_LISTED ENTRIES_
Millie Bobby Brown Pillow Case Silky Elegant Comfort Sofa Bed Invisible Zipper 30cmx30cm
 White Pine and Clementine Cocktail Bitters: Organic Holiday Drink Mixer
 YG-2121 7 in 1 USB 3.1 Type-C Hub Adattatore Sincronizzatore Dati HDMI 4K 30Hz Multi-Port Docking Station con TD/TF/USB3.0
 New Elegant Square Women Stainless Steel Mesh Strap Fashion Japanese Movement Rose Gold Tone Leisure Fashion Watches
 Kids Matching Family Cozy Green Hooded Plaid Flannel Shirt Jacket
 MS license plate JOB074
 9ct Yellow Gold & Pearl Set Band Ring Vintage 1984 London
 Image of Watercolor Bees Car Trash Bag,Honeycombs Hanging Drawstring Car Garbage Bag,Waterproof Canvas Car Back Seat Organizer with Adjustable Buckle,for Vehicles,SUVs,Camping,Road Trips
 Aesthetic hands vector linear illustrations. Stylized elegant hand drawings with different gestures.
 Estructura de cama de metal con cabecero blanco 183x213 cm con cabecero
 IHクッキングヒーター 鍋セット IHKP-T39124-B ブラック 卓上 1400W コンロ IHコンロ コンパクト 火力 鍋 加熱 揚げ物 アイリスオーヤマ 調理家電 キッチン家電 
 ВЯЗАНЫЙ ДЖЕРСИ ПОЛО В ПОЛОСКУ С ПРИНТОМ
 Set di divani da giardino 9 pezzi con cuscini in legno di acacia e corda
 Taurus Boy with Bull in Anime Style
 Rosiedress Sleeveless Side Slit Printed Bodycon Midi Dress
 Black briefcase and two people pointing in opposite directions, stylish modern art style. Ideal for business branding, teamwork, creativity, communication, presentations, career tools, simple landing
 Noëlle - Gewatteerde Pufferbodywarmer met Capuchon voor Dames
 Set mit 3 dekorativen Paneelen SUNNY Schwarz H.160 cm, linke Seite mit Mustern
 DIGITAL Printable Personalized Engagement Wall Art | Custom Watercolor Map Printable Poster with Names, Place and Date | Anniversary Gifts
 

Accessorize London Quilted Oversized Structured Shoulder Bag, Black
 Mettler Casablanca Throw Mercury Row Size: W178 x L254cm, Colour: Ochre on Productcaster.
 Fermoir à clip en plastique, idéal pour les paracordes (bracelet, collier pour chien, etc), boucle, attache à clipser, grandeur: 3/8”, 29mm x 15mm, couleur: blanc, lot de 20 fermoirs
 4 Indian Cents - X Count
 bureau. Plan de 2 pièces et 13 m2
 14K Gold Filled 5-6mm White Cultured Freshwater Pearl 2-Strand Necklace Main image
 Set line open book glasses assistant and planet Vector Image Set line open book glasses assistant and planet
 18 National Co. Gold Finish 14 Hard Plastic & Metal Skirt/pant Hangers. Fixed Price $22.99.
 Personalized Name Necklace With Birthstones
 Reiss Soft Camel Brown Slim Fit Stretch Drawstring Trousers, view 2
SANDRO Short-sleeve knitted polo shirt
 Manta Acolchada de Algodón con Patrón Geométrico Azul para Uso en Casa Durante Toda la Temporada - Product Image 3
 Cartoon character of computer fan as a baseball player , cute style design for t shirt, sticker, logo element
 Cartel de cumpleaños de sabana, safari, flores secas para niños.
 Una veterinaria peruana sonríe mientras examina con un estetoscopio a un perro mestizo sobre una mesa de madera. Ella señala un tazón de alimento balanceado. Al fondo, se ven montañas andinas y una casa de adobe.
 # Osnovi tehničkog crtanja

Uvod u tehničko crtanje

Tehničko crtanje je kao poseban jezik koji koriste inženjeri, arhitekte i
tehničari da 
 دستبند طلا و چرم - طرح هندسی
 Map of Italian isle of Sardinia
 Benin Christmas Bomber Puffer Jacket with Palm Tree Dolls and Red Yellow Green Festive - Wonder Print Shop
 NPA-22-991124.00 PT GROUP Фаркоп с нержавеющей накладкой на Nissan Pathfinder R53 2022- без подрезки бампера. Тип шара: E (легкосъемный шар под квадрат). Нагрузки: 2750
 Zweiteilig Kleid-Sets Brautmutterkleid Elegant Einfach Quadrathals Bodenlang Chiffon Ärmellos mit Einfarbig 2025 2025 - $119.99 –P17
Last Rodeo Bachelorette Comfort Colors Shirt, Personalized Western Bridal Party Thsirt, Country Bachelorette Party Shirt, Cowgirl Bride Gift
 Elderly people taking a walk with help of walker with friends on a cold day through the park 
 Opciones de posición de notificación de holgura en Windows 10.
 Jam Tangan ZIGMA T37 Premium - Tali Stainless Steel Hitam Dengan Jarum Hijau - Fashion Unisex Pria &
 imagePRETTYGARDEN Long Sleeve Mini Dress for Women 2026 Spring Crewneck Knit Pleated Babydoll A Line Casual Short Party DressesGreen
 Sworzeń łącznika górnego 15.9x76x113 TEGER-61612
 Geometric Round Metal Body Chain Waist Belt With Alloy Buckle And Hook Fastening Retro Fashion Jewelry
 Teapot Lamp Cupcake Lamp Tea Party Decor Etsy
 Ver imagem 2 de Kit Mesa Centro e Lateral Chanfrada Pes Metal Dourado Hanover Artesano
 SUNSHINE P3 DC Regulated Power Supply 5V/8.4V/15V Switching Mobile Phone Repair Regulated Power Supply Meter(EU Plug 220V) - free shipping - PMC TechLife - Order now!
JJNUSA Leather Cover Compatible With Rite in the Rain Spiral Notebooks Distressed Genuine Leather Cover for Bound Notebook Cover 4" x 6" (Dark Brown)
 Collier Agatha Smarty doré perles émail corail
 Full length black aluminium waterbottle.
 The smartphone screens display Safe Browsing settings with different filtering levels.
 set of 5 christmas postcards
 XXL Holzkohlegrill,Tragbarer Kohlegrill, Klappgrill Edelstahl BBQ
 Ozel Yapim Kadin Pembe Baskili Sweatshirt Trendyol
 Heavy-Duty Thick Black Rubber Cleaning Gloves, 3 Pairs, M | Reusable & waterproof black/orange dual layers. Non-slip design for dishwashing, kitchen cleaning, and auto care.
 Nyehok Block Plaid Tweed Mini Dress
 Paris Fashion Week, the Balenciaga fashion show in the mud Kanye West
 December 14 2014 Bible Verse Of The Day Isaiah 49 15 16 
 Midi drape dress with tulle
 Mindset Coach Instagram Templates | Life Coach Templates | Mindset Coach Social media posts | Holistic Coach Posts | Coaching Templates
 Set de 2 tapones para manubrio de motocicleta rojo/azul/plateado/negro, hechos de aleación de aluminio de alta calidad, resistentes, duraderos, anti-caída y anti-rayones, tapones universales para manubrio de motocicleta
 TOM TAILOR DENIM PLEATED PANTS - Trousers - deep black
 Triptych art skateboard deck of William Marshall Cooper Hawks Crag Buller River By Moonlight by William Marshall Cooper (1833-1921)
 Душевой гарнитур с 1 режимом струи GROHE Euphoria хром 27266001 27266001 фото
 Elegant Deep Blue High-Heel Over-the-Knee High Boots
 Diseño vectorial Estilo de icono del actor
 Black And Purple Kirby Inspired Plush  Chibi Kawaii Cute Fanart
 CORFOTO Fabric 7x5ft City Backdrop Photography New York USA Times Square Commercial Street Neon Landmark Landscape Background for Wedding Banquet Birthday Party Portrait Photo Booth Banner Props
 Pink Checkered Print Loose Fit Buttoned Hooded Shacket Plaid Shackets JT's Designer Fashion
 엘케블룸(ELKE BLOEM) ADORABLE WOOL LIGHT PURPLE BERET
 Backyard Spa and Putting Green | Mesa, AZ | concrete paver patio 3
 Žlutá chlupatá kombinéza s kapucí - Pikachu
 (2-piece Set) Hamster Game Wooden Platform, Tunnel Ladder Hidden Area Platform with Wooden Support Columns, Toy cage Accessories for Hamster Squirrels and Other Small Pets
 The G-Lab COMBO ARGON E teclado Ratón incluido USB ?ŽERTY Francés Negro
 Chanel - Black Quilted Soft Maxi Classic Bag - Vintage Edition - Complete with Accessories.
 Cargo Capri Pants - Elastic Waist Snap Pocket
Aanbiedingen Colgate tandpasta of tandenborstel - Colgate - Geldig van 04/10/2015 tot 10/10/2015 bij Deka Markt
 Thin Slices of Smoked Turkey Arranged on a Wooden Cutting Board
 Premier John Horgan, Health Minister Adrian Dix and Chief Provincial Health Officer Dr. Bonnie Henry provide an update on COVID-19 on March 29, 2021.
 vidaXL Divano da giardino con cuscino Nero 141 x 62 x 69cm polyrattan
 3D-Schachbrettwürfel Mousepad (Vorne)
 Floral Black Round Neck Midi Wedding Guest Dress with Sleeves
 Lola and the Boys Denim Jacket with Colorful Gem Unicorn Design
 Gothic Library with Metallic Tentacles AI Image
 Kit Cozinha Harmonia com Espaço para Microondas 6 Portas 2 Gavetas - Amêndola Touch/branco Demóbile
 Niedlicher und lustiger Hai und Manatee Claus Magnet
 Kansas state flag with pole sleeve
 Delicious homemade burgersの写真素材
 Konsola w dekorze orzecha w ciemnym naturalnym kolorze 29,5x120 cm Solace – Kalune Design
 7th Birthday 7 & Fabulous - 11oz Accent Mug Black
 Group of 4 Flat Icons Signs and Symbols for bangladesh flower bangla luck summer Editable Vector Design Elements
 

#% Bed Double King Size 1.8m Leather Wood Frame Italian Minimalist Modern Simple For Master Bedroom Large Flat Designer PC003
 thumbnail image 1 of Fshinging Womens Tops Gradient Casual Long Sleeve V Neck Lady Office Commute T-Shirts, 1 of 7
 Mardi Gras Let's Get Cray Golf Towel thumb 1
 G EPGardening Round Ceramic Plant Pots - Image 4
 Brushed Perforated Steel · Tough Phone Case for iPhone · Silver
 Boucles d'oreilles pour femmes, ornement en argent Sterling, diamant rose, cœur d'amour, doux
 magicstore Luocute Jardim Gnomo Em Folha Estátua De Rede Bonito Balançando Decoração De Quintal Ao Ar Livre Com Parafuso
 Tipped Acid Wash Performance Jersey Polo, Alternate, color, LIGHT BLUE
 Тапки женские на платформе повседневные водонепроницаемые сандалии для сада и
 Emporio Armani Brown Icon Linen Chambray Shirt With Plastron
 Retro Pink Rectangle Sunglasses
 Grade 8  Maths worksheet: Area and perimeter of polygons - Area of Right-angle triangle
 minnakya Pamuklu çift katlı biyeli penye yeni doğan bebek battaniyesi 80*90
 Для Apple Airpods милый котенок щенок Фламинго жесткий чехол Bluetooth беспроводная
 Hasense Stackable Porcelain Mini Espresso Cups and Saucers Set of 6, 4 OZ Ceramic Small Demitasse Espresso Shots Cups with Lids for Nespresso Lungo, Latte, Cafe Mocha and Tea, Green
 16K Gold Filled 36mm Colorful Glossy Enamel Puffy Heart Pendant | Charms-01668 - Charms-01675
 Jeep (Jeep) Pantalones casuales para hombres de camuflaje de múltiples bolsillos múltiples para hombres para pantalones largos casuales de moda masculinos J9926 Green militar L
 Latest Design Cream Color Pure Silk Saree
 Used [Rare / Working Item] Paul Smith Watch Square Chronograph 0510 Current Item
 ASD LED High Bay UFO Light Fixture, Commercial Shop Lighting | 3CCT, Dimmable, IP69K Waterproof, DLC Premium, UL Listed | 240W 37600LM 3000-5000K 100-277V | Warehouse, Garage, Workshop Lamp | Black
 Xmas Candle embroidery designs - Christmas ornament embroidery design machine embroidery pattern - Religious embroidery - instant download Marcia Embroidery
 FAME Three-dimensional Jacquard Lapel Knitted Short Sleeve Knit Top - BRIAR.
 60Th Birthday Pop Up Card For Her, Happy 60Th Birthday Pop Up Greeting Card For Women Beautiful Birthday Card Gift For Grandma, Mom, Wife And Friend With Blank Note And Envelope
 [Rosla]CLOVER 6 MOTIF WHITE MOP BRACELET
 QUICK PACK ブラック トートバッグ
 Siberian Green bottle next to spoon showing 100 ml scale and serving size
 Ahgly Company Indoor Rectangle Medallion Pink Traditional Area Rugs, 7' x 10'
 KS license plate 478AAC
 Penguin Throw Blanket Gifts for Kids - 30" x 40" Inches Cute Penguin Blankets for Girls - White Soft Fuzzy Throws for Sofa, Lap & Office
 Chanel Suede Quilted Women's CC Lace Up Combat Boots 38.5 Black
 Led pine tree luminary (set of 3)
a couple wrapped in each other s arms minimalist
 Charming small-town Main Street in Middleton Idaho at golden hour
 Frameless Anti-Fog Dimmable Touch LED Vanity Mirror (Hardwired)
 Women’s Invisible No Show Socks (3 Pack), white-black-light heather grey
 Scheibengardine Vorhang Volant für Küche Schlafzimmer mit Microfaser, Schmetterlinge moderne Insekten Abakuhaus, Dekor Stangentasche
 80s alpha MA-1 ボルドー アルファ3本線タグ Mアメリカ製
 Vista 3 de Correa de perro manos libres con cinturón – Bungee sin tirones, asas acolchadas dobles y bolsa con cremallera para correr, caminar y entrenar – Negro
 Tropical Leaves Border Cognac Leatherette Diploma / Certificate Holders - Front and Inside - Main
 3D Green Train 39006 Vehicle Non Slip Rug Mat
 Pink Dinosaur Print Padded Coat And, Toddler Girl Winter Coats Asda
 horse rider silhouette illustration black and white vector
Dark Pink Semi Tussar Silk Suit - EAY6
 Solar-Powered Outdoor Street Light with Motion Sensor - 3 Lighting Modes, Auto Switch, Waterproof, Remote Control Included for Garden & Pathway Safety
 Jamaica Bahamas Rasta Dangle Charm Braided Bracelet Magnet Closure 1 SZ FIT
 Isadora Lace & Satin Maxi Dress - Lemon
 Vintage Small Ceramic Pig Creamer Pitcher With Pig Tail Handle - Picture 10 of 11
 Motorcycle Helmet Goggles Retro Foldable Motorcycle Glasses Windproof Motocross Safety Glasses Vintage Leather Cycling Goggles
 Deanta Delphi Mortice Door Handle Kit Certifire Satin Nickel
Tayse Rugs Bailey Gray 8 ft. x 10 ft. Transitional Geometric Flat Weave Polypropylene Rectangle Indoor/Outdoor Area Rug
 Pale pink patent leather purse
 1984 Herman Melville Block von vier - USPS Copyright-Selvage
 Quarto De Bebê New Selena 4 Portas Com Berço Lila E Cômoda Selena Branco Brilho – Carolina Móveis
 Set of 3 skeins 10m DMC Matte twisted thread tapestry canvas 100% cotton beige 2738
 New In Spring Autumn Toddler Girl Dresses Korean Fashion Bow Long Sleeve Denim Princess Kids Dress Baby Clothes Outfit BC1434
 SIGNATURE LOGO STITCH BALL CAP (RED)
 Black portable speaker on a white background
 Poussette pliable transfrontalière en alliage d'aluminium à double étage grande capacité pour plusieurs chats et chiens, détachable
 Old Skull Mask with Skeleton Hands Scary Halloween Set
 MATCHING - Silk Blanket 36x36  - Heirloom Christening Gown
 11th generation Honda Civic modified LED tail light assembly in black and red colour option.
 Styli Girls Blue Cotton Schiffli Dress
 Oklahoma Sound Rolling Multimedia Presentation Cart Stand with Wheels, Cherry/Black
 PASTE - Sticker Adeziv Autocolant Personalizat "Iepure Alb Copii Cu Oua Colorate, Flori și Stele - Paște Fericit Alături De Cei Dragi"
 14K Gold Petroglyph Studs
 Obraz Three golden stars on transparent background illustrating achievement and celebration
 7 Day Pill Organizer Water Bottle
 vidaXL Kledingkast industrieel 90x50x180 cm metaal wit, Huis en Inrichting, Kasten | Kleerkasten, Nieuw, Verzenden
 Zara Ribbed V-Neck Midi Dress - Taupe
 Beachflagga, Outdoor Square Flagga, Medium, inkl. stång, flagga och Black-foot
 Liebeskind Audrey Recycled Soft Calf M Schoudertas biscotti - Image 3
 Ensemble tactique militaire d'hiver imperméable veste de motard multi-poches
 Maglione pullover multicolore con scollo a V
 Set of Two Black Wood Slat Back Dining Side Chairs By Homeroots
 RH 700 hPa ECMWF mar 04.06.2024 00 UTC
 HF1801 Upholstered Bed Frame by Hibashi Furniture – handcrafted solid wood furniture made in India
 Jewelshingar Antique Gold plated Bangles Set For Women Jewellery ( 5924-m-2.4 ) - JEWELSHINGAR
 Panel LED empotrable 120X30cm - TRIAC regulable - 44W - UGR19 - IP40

_WHAT YOU SHOULD DO_
Check each line of the listing for "Outdoor", and copy the ones that hold it.

_SOLUTION_
 Solar-Powered Outdoor Street Light with Motion Sensor - 3 Lighting Modes, Auto Switch, Waterproof, Remote Control Included for Garden & Pathway Safety
Tayse Rugs Bailey Gray 8 ft. x 10 ft. Transitional Geometric Flat Weave Polypropylene Rectangle Indoor/Outdoor Area Rug
 Beachflagga, Outdoor Square Flagga, Medium, inkl. stång, flagga och Black-foot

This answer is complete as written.